Tutorials
A Story of Parsing, Annotating, and Serializing Tibetan Text
Let’s follow a story of how we can process a Tibetan text through our pipeline. We’ll use a simple example of a Tibetan verse with its translation.
Our Sample Data
Let’s say we have this Tibetan text with its English translation:
བདེ་གཤེགས་སྤྱན་རས་གཟིགས་དབང་ཕྱུག་ལ་ཕྱག་འཚལ་ལོ། །
I pay homage to the Lord Avalokiteśvara.
དེ་ཡི་མཚན་ཉིད་རྣམས་ནི་མཐོང་བ་མེད། །
His characteristics cannot be seen.
དེ་ཡི་སྐུ་ནི་མཐོང་བ་མེད། །
His body cannot be seen.
དེ་ཡི་ཡི་གེ་ནི་མཐོང་བ་མེད། །
His letters cannot be seen.
Chapter 1: The Parser’s Tale
Our parser’s job is to break this text into meaningful segments. Let’s create a parser that understands Tibetan verses:
from typing import List, Dict, Any
from openpecha.pecha import Pecha
from openpecha.pecha.annotations import AnnotationModel, AnnotationType
class TibetanVerseParser:
def __init__(self):
self.segments = []
self.current_position = 0
def parse(self, text: str) -> List[Dict[str, Any]]:
"""
Parse Tibetan text into verses and their translations.
"""
# Split by double newlines to separate verses
verses = text.split('\n\n')
for verse in verses:
# Split into Tibetan and English
lines = verse.strip().split('\n')
if len(lines) >= 2:
tibetan = lines[0].strip()
english = lines[1].strip()
# Create segment for Tibetan text
tibetan_segment = {
'text': tibetan,
'start': self.current_position,
'end': self.current_position + len(tibetan),
'type': 'tibetan'
}
self.current_position += len(tibetan) + 1
# Create segment for English translation
english_segment = {
'text': english,
'start': self.current_position,
'end': self.current_position + len(english),
'type': 'translation'
}
self.current_position += len(english) + 2 # +2 for the newlines
self.segments.extend([tibetan_segment, english_segment])
return self.segments
# Let's try our parser
parser = TibetanVerseParser()
segments = parser.parse(our_tibetan_text)

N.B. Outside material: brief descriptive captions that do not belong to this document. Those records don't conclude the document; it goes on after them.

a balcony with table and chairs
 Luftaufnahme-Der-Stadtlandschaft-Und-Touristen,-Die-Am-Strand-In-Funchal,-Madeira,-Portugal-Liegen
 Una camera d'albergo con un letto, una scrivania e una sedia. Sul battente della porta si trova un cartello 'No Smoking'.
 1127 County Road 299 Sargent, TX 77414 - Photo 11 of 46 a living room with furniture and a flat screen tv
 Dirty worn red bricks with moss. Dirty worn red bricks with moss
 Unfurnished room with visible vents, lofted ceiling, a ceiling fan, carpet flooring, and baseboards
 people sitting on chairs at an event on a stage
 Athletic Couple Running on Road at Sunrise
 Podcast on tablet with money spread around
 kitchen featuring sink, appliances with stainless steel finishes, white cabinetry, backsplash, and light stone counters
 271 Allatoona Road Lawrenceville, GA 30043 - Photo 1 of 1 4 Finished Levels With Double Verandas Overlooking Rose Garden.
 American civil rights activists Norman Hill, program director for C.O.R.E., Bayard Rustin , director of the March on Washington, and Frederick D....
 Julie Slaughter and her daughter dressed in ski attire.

print("Parsed segments:", segments)
Chapter 2: The Annotation Adventure
Now that we have our segments, let’s add annotations to mark them as Tibetan verses and translations:
def create_verse_annotations(pecha: Pecha, segments: List[Dict[str, Any]]) -> List[AnnotationModel]:
"""
Create annotations for Tibetan verses and their translations.
"""
annotations = []
for i, segment in enumerate(segments):
# Create text selector
text_selector = {
"@type": "TextSelector",
"resource": "base",
"offset": {
"@type": "Offset",
"begin": {
"@type": "BeginAlignedCursor",
"value": segment['start']
},
"end": {
"@type": "BeginAlignedCursor",
"value": segment['end']
}
}
}
# Create annotation data
annotation_data = {
"@type": "AnnotationData",
"@id": f"verse_{i}",
"key": "verse_type",
"value": {
"@type": "String",
"value": segment['type']
}
}
# Create the annotation
annotation = {
"@type": "Annotation",
"@id": f"ann_{i}",
"target": text_selector,
"data": [annotation_data]
}
annotations.append(annotation)
return annotations
# Create annotations
annotations = create_verse_annotations(pecha, segments)
print("Created annotations:", annotations)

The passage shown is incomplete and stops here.